Docstring Coverage	✅ Passed	Docstring coverage is 100.00% which is sufficient. The required threshold is 80.00%.

_{✏️ Tip: You can configure your own custom pre-merge checks in the settings.}

Thanks for using CodeRabbit! It's free for OSS, and your support helps us grow. If you like it, consider giving us a shout-out.

❤️ Share

_{Comment @coderabbitai help to get the list of available commands and usage tips.}

graycyrus

Clean, well-structured PR — good test coverage across all four prompt surfaces, sensible defaults (None = no change), and the control-character stripping in normalize_output_language is a nice defensive touch.

One minor observation below on the locale mapping table; everything else looks solid.

Signed-off-by: sunilkumarvalmiki <g.sunilkumarvalmiki@gmail.com>

coderabbitai

🧹 Nitpick comments (3)

src/openhuman/memory/tree/score/extract/llm_tests.rs (1)
21-28: 💤 Low value

Consider asserting threading, not directive wording.

This test duplicates assertions that live with the output_language_directive helper itself (e.g., the Simplified Chinese mapping and the Keep JSON keys / importance_reason phrasing). Any future rewording of the directive will break this test even though the extractor's contract — "prepend the directive when configured" — is intact.

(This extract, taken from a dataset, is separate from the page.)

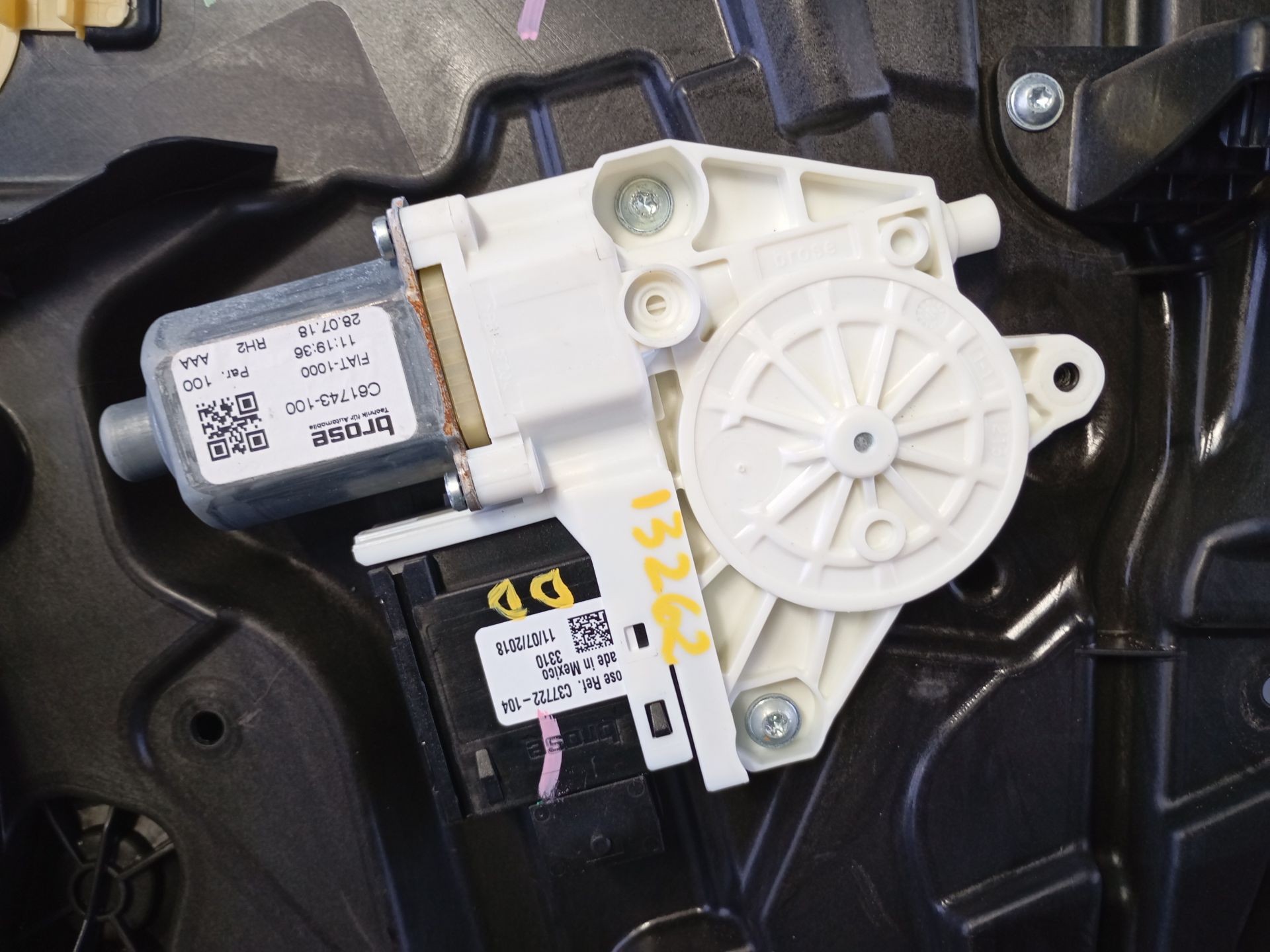 ELEVALUNAS DELANTERO DERECHO JEEP COMPASS (MP, M6, MV, M7) C61743100 / P2-B4-17 / C37722104 C61743100P2B417C37722104 - Vista 2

Consider checking that the prompt starts with (or contains) the directive returned by the helper, leaving the wording assertions to the helper's own tests:
♻️ Suggested refactor
 #[test]
 fn build_system_prompt_includes_output_language_directive() {
-    let p = build_system_prompt(true, Some("zh-CN"));
-    assert!(p.contains("Simplified Chinese"));
-    assert!(p.contains("Keep JSON keys"));
-    assert!(p.contains("\"importance_reason\""));
+    let directive = crate::openhuman::config::output_language_directive(Some("zh-CN"))
+        .expect("zh-CN should produce a directive");
+    let p = build_system_prompt(true, Some("zh-CN"));
+    assert!(p.contains(&directive), "prompt should embed the language directive");
+    // The directive must appear before the extractor's role description so
+    // the model reads it first.
+    let directive_pos = p.find(&directive).unwrap();
+    let role_pos = p.find("You are a named-entity extractor").unwrap();
+    assert!(directive_pos < role_pos);
 }
🤖 Prompt for AI Agents
Verify each finding against current code. Fix only still-valid issues, skip the
rest with a brief reason, keep changes minimal, and validate.

In `@src/openhuman/memory/tree/score/extract/llm_tests.rs` around lines 21 - 28,
The test build_system_prompt_includes_output_language_directive should assert
that build_system_prompt(true, Some("zh-CN")) contains (or starts with) the
exact directive produced by the existing helper output_language_directive(true,
Some("zh-CN")) rather than duplicating its wording; update the assertions to
call output_language_directive and check containment (e.g.,
assert!(p.contains(&output_language_directive(true, Some("zh-CN"))))) so the
test verifies that the directive is prepended without coupling to its text.
src/openhuman/memory/tree/tree_source/summariser/llm.rs (2)
315-320: 💤 Low value

Minor formatting glitch when output_language is set in plain-text mode.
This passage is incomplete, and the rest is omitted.